The Northbrook, Ill., insurer swung to a loss in the fourth quarter on $1.9 billion in capital losses in its investment portfolio and $493 million in annuity-sales costs recorded because of the tumbling stock market.

Shares of Allstate plunged 20% in recent trading to $23.82 on the disappointing earnings news.

The company's launch of a tiered auto insurance concept, where customers can opt for higher levels of coverage for a higher price, has taken something of a beating as the economy turns down, with fewer customers taking the high-level platinum level of coverage, Ruebenson said.

On the positive side, Ruebenson said that competitors had cut prices significantly in recent years and are now taking much bigger price increases than Allstate.

Allstate's significant realized and unrealized losses pushed down its book value 25% to $23.51 per share since the end of the third quarter.

Standard and Poor's responded to the earnings announcement by cutting Allstate's financial strength rating by one notch to AA-, but during the earnings conference call, Allstate Chief Executive Thomas Wilson said that the company maintained more than $12 billion in capital and he did not foresee needing to raise more.
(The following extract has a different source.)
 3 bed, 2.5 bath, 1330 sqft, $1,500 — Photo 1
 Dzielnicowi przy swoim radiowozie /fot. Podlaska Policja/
While analysts generally agreed that Allstate would not need to raise capital during the first quarter due to its strong capital position, "if the company were to take significant further realized losses on its investment portfolio due to a significant deterioration in the credit markets, the company's capital position will be severely tested, which increases the risk of a capital raise," said Credit Suisse analyst V. Misquith in a Thursday note.

Misquith maintained his outperform rating on the stock Thursday but called Allstate "a high risk high reward stock."